● **Provided data**:
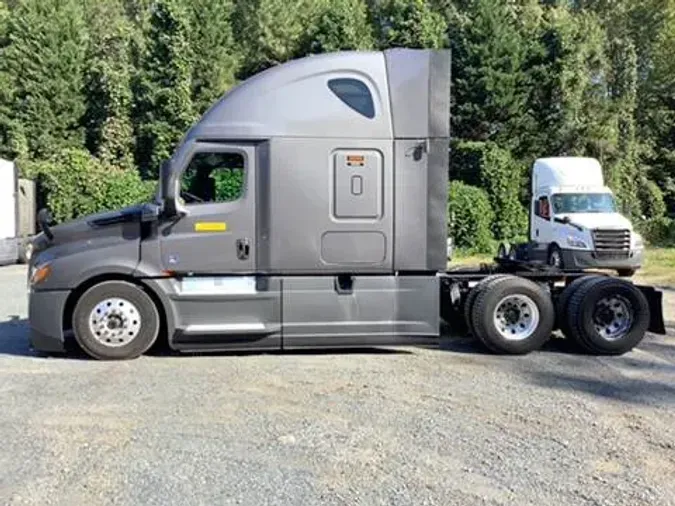 2022 Freightliner Cascadia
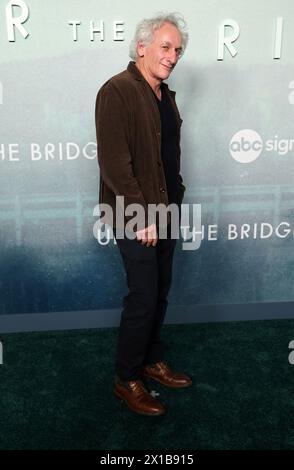 Los Angeles, California. 15 aprile 2024. Matt Craven alla prima di Hulu Under the Bridge il 15 aprile 2024 al DGA Theater di Los Angeles, California Credit: Faye Sadou/Media Punch/Alamy Live News Foto Stock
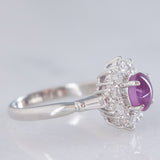Anello a margherita vintage in platino con rubino stellato (1.35ct) e diamanti (0.66ctw ca.), anni ‘90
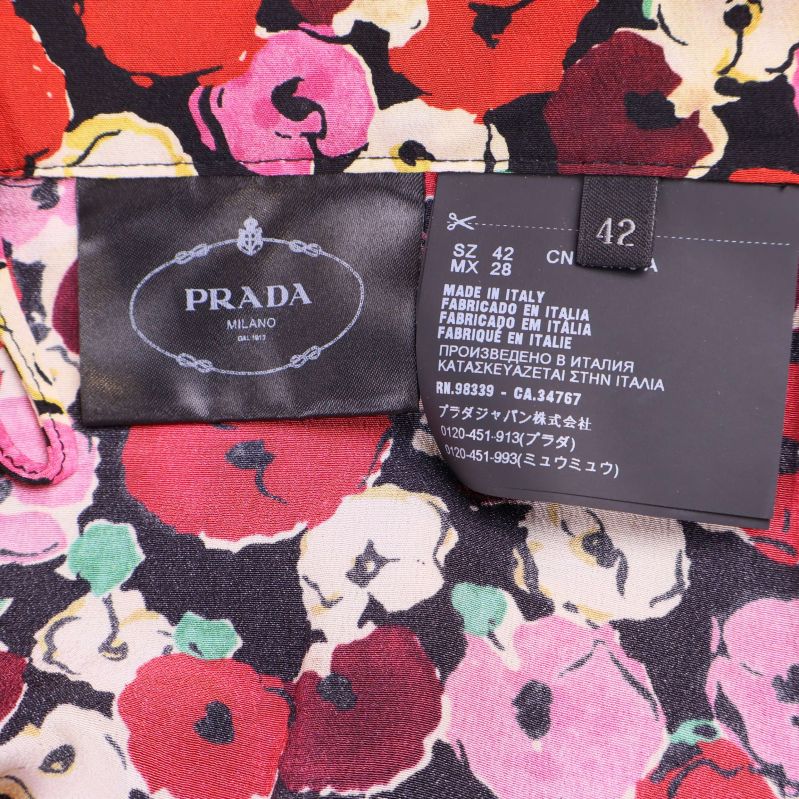Storleksetikett med Prada-logga och storlek 42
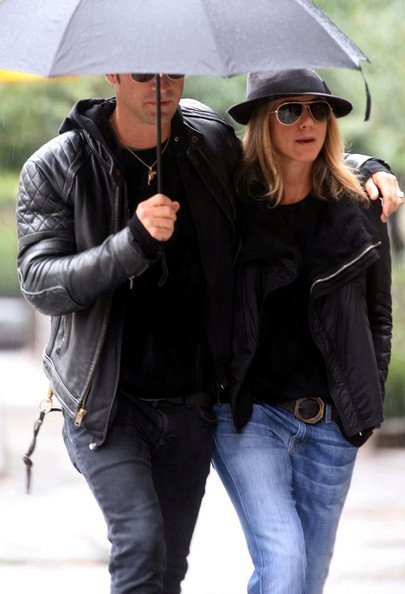 Дженнифер Энистон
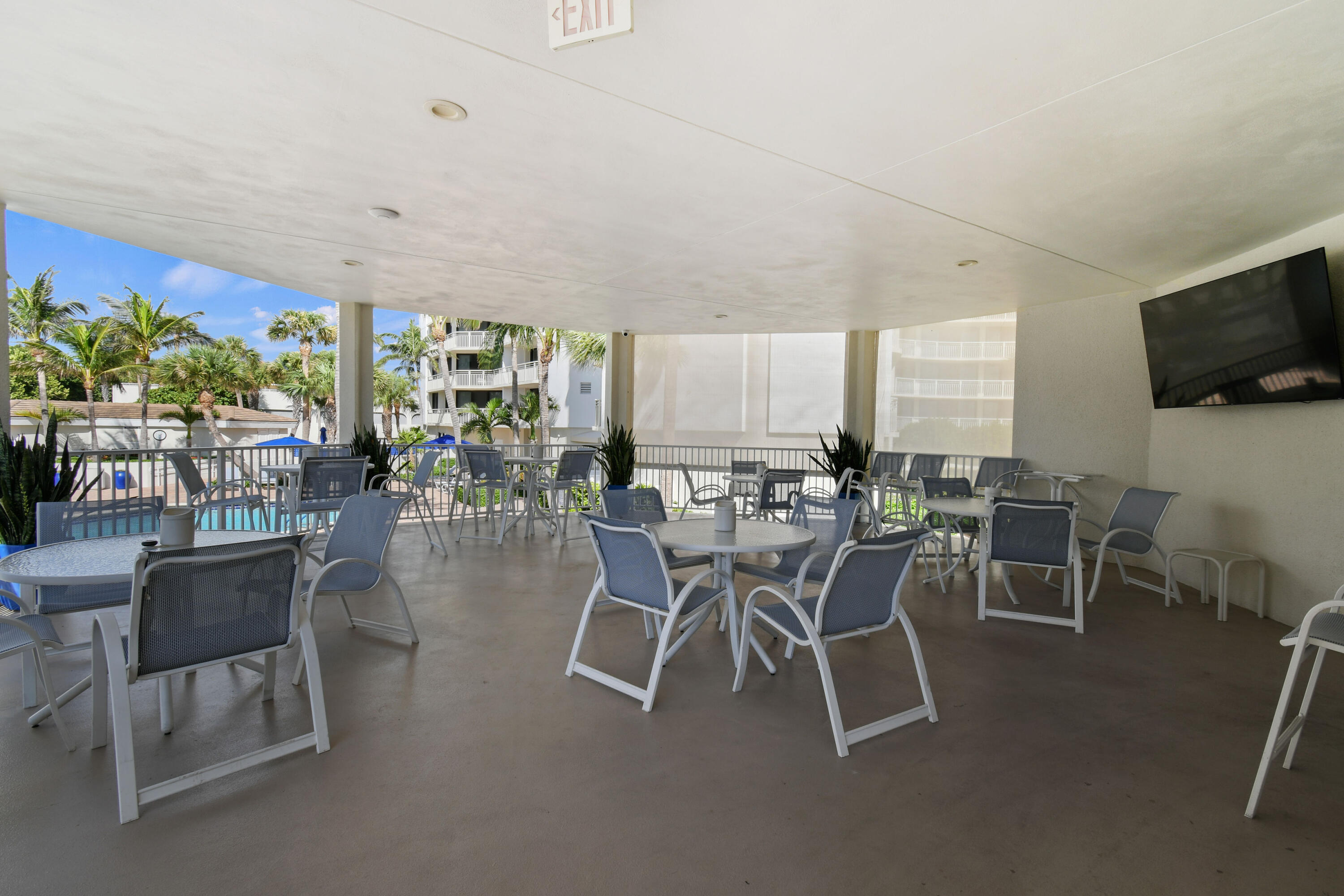 TIARA CONDO - Residential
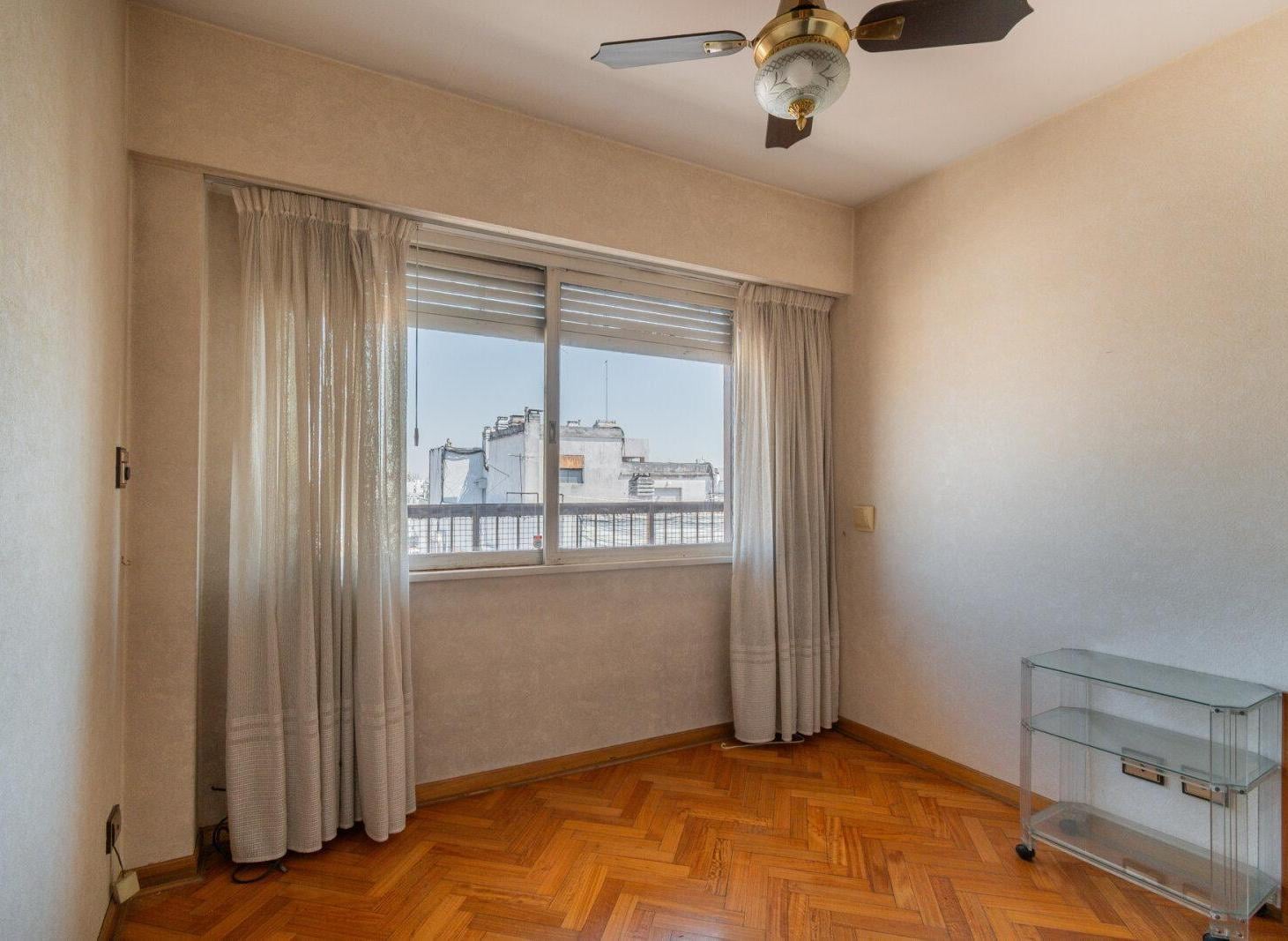 Foto de VENTA - DEPARTAMENTO - 4 AMBIEMTES - LUMINOSO - BALCON - BAULERA, imagen 4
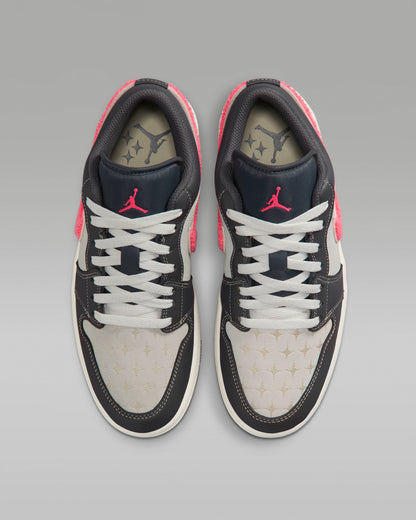 Jordan 1 Low Light Graphite Hot Punch (Women's) - Vista 4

● **Work task**: Could you restate all of the data above word for word and skip every picture?

● **Solution to this exercise**:
 2022 Freightliner Cascadia
 Los Angeles, California. 15 aprile 2024. Matt Craven alla prima di Hulu Under the Bridge il 15 aprile 2024 al DGA Theater di Los Angeles, California Credit: Faye Sadou/Media Punch/Alamy Live News Foto Stock
Anello a margherita vintage in platino con rubino stellato (1.35ct) e diamanti (0.66ctw ca.), anni ‘90
Storleksetikett med Prada-logga och storlek 42
 Дженнифер Энистон
 TIARA CONDO - Residential
 Foto de VENTA - DEPARTAMENTO - 4 AMBIEMTES - LUMINOSO - BALCON - BAULERA, imagen 4
 Jordan 1 Low Light Graphite Hot Punch (Women's) - Vista 4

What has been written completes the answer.